Find out why they say this bond won’t raise property taxes from their current level – yet still will provide much-needed improvements to schools …
Bob Lorenz, campaign manager for the David Douglas School Bond, makes a case for this balllot measure before the members of the Gateway Area Business Association.
Story and photos by David F. Ashton
They’re known as “The Scots” – fearless warriors on the athletic field.
Over the years, the David Douglas School District (DDS) has demonstrated another Scottish trait – being very thrifty in the boardroom. But, penny-pinching only goes so far when enrollment is up and State education funding is down.
The David Douglas School District’s board of directors, who meet in this building, say the upcoming bond measure will help preserve quality facilities – and preserve instructional positions – at area schools.
This is what we learned in an exclusive interview of DDS Superintendent Don Grotting:
“DDS is going for a $49.5 million bond measure on May 15 of this year. The majority of the funding for the bond is going for the upkeep and renovation of school districts.”

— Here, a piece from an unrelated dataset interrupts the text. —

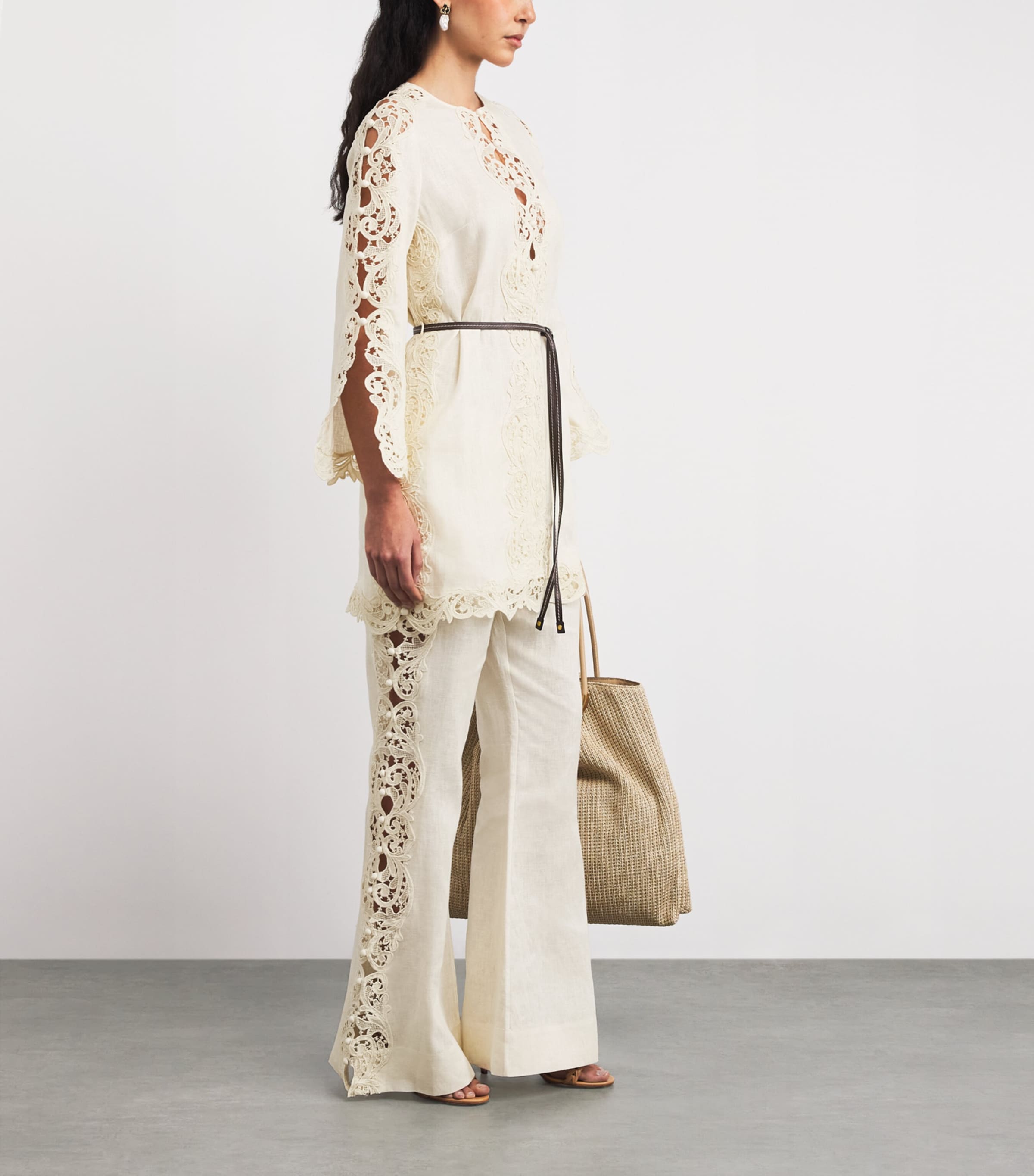 Linen Embroidered Awaken Mini Dress CREAMCRM Image 2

Specifically, Grotting said, the district needs to do roof repair, repair and replace heating and cooling systems, remove asbestos , add insulation, increase access, and improve the quality of drinking water in many school buildings.
“There needs to be replacement of some of the old modular buildings we’ve had in service that are way past their ‘use dates’. Money is needed to replace textbooks and replace or update instructional technology. The district has not adopted textbooks as per state requirements, simply due to the lack of funding. We are several ‘textbook adoptions’ behind now.”

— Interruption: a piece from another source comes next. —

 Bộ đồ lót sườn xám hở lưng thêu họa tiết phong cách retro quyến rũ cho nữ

Looking ahead to the future, DDS Superintendent Don Grotting says the buildings are well maintained – but most are in need of capital improvements.

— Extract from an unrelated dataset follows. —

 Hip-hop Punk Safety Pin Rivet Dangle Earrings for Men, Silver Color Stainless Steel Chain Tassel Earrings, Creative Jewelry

DDSD is a Portland school district is famous for “deferred maintenance” – not spending money to keeping up its buildings. East Portland News asked Grotting if DDS has been shuffling maintenance issues to the side.
“Actually, look in any of our buildings; you’ll find they are in very good condition,” Grotting replied. “Our custodians and maintenance people, who are responsible for the care and upkeep of the buildings, have been doing a really good job, compared to some other school districts.
“We have, in fact, historically spent money on care and upkeep,” Grotting argued. “However, over the past five or six years, because the reductions the State funding, we have not been able to keep up with major capital issues. The time is coming that, if we don’t continue to do such care, maintenance, and upkeep, we could get into a situation in which our buildings are not suitable for kids to learn in, or our staff to teach in.”
With the majority of the money for the bond measure dedicated to maintain the infrastructure, “We feel that, by continuing this care and upkeep, we continue to be good stewards of the public’s money. It will prolong the life of the existing buildings.
“We do not have, nor do voters, the capacity to increase tax rates to build new buildings at this time.”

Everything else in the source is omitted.